It then shifts back a few years and from here, I was given the task of trying to work out who the man in the opening chapter was. It added a certain layer to the book and with each new male character, I tried to see if they were the mystery man. Candidates are quickly disguarded, until it is revealed that it is Aiden, the character in the synopsis of the book. Here, I am going to admit that I didn’t read the synopsis, but even after finishing the book and then reading it, I still could see that my interpretation of the book was still a viable one.
It is difficult to delve in deeper to the book, because I fear I would give something away. What I can say is that Nora’s journey to her Happy Ever After is a journey that has many obstacles along the way. Even, when Aidan returns on the scene, I was never 100% sure that she would end up with him. So much had happened between them that it was never a given that they would end up together.
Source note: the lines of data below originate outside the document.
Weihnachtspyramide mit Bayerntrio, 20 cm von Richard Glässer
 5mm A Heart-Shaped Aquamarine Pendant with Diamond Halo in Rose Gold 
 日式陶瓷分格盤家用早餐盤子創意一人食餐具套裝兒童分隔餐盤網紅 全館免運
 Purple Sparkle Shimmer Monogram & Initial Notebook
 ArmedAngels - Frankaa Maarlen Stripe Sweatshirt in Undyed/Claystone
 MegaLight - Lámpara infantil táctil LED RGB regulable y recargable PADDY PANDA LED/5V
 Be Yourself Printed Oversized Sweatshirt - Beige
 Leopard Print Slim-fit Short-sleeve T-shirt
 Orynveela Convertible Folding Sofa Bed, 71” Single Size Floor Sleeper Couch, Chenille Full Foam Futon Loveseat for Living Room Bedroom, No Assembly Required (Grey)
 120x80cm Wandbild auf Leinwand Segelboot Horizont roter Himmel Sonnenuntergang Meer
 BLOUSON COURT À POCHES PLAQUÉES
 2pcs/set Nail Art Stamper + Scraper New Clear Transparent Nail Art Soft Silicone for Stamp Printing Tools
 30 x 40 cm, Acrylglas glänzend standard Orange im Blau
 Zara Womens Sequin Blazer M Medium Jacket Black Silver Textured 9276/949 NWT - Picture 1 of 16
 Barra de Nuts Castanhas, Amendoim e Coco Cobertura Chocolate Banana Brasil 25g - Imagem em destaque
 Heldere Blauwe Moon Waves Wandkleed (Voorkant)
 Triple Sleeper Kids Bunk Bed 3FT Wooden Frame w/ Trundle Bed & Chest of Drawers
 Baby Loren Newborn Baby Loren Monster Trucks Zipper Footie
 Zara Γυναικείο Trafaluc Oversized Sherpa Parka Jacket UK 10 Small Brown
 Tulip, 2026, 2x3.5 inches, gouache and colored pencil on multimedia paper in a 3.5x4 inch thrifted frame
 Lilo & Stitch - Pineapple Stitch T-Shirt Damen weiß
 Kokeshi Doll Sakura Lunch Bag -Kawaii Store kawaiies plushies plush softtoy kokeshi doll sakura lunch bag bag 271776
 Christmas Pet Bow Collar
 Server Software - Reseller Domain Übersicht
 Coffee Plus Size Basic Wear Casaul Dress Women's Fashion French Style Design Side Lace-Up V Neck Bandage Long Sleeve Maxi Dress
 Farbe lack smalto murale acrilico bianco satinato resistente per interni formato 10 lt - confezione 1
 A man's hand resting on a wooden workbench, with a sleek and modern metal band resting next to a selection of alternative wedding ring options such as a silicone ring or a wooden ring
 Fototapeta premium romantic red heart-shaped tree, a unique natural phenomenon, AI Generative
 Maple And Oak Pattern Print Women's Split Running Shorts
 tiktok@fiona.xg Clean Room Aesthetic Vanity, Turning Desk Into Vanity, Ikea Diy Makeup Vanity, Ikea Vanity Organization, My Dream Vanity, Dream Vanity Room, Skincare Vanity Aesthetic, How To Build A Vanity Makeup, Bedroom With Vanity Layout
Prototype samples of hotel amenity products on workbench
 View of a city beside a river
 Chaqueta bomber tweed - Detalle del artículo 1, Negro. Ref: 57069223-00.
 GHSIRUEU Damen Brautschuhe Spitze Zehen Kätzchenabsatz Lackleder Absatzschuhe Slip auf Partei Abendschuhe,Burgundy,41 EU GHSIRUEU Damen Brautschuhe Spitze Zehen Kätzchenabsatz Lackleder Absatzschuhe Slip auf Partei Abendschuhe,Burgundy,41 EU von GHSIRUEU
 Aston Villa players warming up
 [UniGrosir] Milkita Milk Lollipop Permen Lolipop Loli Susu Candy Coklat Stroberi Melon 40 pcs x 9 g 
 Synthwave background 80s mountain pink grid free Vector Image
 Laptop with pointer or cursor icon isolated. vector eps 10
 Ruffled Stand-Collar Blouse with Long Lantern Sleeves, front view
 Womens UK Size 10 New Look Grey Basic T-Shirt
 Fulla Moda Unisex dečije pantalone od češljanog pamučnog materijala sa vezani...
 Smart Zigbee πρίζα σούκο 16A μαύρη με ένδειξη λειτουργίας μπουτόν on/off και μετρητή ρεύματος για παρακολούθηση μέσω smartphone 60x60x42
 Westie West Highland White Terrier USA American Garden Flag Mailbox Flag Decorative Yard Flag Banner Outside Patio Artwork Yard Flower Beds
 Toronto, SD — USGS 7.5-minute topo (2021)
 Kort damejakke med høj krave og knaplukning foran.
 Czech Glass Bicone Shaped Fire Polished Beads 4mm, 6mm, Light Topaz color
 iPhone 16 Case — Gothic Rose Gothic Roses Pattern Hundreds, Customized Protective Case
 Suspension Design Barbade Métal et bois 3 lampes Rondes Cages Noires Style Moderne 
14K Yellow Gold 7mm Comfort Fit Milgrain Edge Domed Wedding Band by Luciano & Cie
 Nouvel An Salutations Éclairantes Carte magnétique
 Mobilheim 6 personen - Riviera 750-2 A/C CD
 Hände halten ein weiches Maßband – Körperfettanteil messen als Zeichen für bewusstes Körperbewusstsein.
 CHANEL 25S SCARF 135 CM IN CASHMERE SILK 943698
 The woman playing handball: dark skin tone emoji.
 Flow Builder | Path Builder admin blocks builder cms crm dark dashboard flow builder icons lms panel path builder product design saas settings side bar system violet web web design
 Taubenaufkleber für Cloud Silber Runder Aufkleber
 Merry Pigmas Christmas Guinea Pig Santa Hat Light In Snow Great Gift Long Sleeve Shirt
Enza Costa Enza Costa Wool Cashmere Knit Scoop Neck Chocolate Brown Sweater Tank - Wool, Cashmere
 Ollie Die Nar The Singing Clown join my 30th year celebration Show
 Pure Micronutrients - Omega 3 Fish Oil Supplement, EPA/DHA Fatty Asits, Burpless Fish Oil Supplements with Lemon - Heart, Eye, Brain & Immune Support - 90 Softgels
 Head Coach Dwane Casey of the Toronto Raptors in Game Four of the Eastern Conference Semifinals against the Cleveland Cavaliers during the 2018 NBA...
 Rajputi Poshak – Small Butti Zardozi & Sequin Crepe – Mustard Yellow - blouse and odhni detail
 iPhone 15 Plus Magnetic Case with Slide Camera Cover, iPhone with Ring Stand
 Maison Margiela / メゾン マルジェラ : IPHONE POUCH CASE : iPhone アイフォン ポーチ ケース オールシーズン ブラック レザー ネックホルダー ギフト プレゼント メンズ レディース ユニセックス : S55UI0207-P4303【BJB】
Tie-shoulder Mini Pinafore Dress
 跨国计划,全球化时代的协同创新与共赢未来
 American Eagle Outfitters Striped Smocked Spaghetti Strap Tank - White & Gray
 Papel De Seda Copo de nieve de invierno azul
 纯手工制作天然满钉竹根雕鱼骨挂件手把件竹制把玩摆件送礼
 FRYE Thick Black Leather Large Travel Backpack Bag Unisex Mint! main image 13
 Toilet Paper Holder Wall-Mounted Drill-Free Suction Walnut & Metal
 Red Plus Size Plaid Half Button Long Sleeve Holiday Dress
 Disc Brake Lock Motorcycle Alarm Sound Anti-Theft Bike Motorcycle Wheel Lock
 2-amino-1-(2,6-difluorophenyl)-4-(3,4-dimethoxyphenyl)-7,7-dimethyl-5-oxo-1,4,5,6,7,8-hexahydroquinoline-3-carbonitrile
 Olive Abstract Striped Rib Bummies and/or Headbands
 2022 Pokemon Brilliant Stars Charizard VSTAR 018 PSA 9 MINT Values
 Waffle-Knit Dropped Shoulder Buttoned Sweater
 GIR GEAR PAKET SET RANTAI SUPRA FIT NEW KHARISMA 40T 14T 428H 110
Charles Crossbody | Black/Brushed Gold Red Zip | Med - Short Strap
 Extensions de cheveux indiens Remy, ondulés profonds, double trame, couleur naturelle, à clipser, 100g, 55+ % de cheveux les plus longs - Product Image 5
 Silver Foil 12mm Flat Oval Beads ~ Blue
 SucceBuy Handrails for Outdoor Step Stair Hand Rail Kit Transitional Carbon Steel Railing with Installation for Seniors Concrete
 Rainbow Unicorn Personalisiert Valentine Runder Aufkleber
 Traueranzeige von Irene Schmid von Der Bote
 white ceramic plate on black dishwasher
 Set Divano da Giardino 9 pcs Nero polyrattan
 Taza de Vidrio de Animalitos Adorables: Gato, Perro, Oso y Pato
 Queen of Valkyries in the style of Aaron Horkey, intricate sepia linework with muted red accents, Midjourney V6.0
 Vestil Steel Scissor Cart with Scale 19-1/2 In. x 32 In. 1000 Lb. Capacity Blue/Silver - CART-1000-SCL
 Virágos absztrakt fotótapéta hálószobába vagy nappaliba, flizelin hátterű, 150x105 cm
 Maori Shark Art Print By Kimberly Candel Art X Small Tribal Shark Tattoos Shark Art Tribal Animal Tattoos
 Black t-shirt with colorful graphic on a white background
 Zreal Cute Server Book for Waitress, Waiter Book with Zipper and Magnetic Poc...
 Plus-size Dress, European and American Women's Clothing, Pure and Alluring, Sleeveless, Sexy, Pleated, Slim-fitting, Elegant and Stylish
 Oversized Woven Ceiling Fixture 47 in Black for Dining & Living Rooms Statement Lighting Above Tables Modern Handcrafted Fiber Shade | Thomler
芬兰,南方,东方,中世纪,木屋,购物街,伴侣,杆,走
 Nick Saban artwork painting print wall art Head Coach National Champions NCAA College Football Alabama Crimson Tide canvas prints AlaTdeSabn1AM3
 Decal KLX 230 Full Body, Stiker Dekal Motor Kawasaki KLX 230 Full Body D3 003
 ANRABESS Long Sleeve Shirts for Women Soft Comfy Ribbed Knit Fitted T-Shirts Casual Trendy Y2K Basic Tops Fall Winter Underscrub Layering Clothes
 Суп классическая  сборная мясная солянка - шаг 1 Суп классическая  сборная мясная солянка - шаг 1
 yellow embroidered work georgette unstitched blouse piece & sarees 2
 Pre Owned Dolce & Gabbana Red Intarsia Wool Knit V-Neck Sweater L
This was down to how Nora changed and matured through the book, that she is not the same woman at the beginning of the book.
It is true that this at its heart , is a romance novel, but it is so much more. As with many of her On Dublin Street books, it deals with very serious themes. Witnessing how the characters react and learn from them can be so heart breaking. I can say that there are at least three instances in the book that stole my breath. It felt as though my heart was ripped out and the characters anguish was my own. Very few authors can get that reaction from me, but Young did this to me.
Nora is our in to this story and as a character, she is one of Youngs more complex female characters. She hasn’t had the luckiest hand to start with. She escapes from her home life, but ends up in a cage with a different view. I could see the reasons why she grasped this opportunity and though it didn’t work out initially as she planned, fate’s fickle hand led her to where she should be. I felt this intense pride that she brushed herself off and managed to move on. By the time the book finished, she has to be one of my favourite female characters of Youngs.
One of the unsung characters in this book, has to be the city of Edinburgh itself. Though I did enjoy her Hearts Boardwalk series, it seemed to miss that certain something that I couldn’t put my finger on. Reading Play On, I realised that it was the Character of Edinburgh. Being very familiar with the city myself, Young has captured it perfectly and the city itself adds to the book. I could see the streets and places she mentioned so very clearly and it allowed me to become more ingrained in the book.
Play On is going to be difficult for Young to top, for it displays such maturity in the way it is written. Once I started to read the book, I couldn’t put it down. With each page, I was pulled to find out how the book would all play out. This has left me anticipating what Young will write next.